Yesterday I asked a couple of simple and, I thought, fairly obvious questions:
Were there any lawyers among the dozen members of the elite CAU [Communications Analysis Unit – MA] responsible for the NSLs? If so, why didn’t they respond to the concerns of the Bureau’s legal staff? And even if there weren’t, how could a slew of “counter-terrorism experts” fail to notice when asking for emergency powers that there was no actual terrorist emergency?
To answer the second question, it turns out there were and they didn’t. In fact, Bassem Youssef, a CT expert with a covert background and several successes to his credit, was in charge of the CAU at the time and says he not only noticed, he “raised concerns with superiors”.
Stephen M. Kohn, the lawyer for Mr. Youssef, said his client told his superiors that the bureau had frequently failed to document an urgent national security need — proving “exigent circumstances,” in the bureau’s language — when obtaining personal information without a court order through the use of “national security letters.”
Mr. Youssef said his superiors had initially minimized the scope of the problem and the likely violation of laws intended to protect privacy, Mr. Kohn said.
“He identified the problems in 2005, shortly after he became unit chief,” Mr. Kohn said. “As in other matters, he was met with apathy and resistance.”
Mr. Kohn said that Mr. Youssef had had a long familiarity with national security letters from earlier work on counterterrorism investigations, and that he began reviewing recent letters and spotting legal deficiencies almost immediately.
“It was the same issue that was in the inspector general’s report,” Mr. Kohn said Sunday. “They didn’t have the proper legal justifications in writing to back up their searches.”
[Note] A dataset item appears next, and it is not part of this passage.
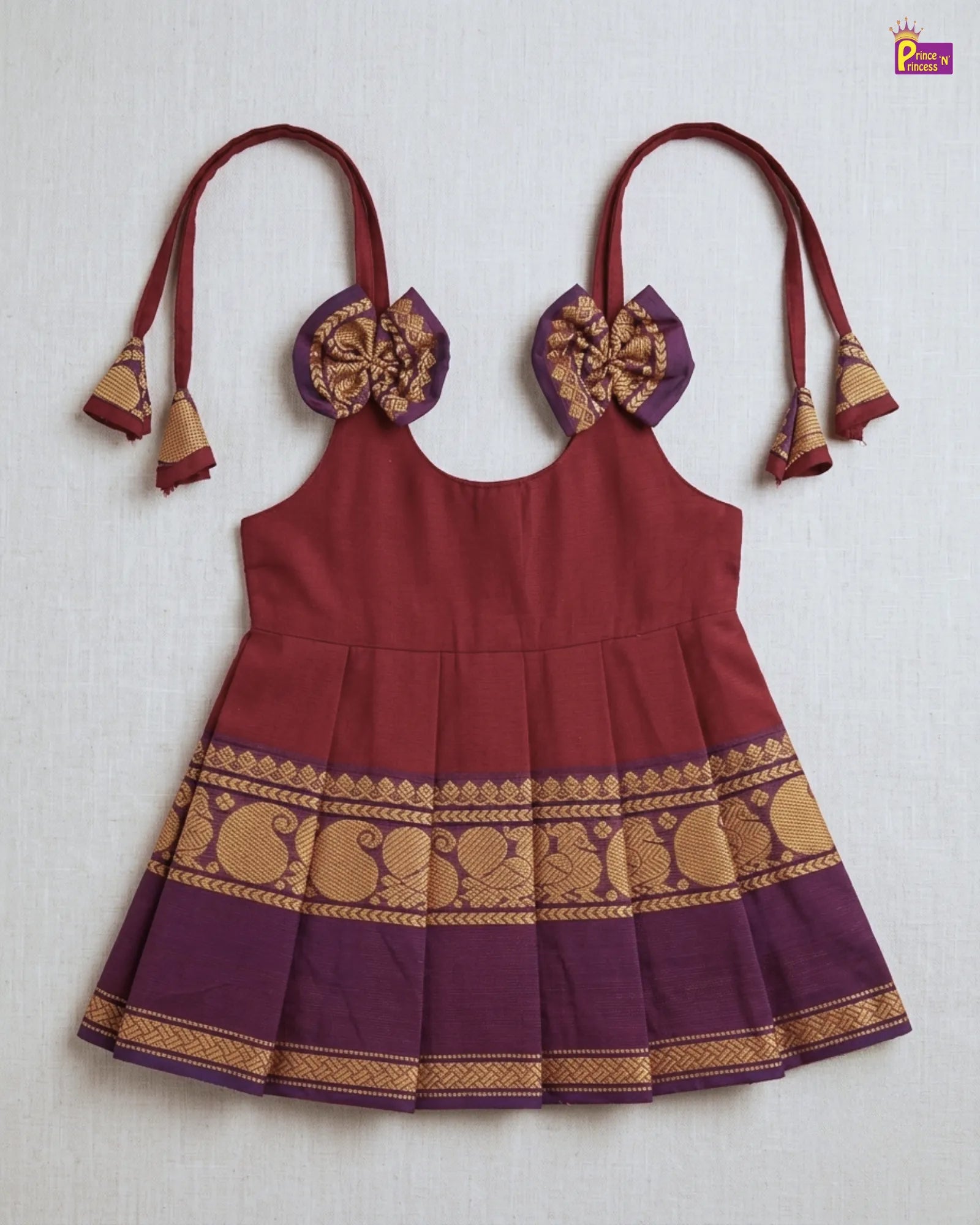 Maroon dress with gold and purple details on a white background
If Mr Youssef was in charge of the CAU and most of the disputed NSLs were submitted by the CAU, why didn’t he simply stop them? Why didn’t he call in the agents who were improperly filing and sending the NSLs and order them to correct the procedure or cease using them?
To answer those questions, we have to know the answers to two other key questions:
- Who were the “superiors” in question? Mueller? Or does it go higher?
- Why did Youssef feel it necessary to express his “concerns” about the NSLs to them? It was his department, he was in charge, why not just end the abuse?
So far, Youssef hasn’t named the superiors he informed, but to the second question there seem to be two primary motivations: either he’s passing the buck upstairs or else his unit was told to use the NSLs by those same superiors.
Both are plausible, I suppose, but it is the second possibility that grabs you. It fits the Bush Administration/Gonzales DOJ’s standard preference for secrecy and top-down decision-making. The BA, as we have seen quite clearly in the Gonzales 8 Scandal and the Libby Scandal, demands loyalty and defines it as unquestioning obedience to admin objectives no matter how legally dubious or overtly political they might be. In the former they fired prosecutors for refusing to invent voter-fraud cases against Democrats right before the election for which there was no evidence, and in the latter they outed a covert CIA operative for political revenge and ordered Libby to cover it up.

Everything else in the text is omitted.